Générations rebelles.
6.0 Il faudrait vérifier si ce moyen-métrage a quelque chose à voir avec le roman éponyme de Céline. J’en doute. Quoiqu’il en soit, c’est un titre étrange, qui ouvre un monde de possibles en soi.
Pierre, vingt-cinq ans, étudiant à Paris, loge chez Francine (incarnée par la propre mère d’Emmanuel Marre), retraitée dépendante de son fauteuil roulant, dont il prend soin en échange d’un toit. Parallèlement, Pierre ne sait pas pour qui voter. C’est l’entre-deux tours de 2017 et le voilà écumant tour à tour les meetings d’Emmanuel Macron & Marine Le Pen (au sein desquels le film est vraiment tourné).
D’un château l’autre est un pot-pourri (plutôt réussi) du naufrage de notre société occidentale, touchant aussi bien ses jeunes que ses vieux, ses classes sociales que ses couches familiales. Mais un dialogue se noue entre deux, malgré leurs différences, d’âge, de classe, de bord politique. Un dialogue en grande partie improvisé, marque de fabrique d’Emmanuel Marre, qui au préalable ne se dirigeait pas du tout vers ce film-là et s’est laissé gagner par cette relation, à deux voix, deux corps, deux regards.
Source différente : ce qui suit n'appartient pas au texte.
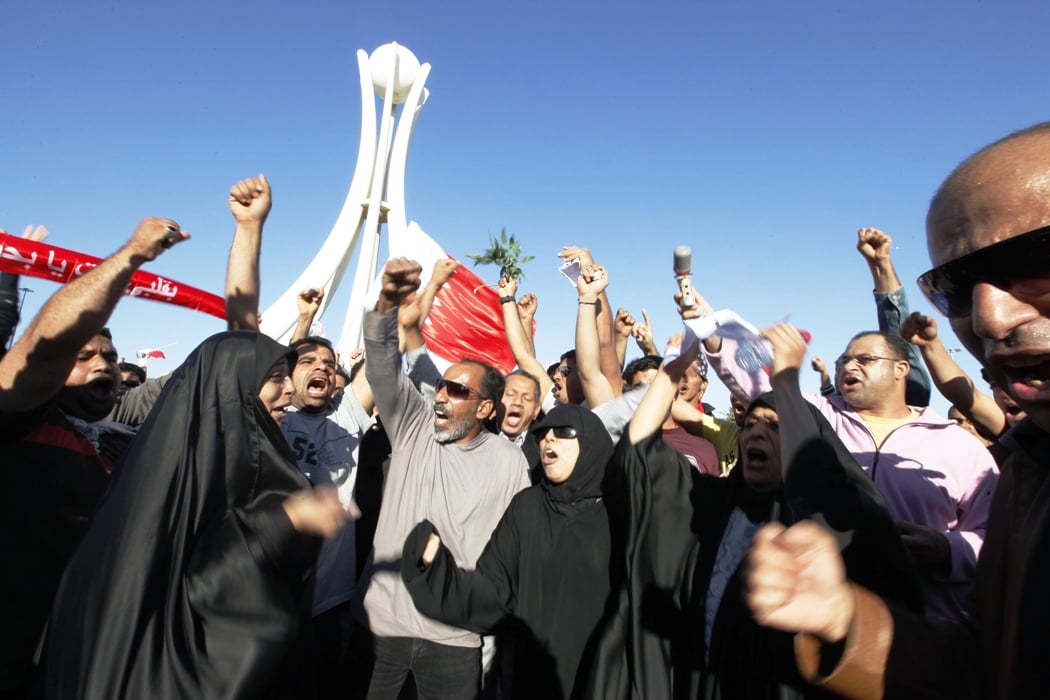 bahrain protesters occupy square libyans bury dead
Un moment donné, il y a un plan incroyable : Francine est dans son lit en train d’écouter Brahms. Pierre s’est isolé sur le balcon mais l’observe. Le plan dure bien une minute. Et lorsqu’il referme la fenêtre, on comprend, à la faveur du reflet, qu’il lui tournait le dos et regardait dehors. Le film est peut-être une douce utopie de partage improbable (qui prendra une forme émouvante à Beaubourg quand Francine pleure de ne jamais voir ses enfants) mais ce plan rappelle, subtilement, qu’il y aura toujours un monde entre eux.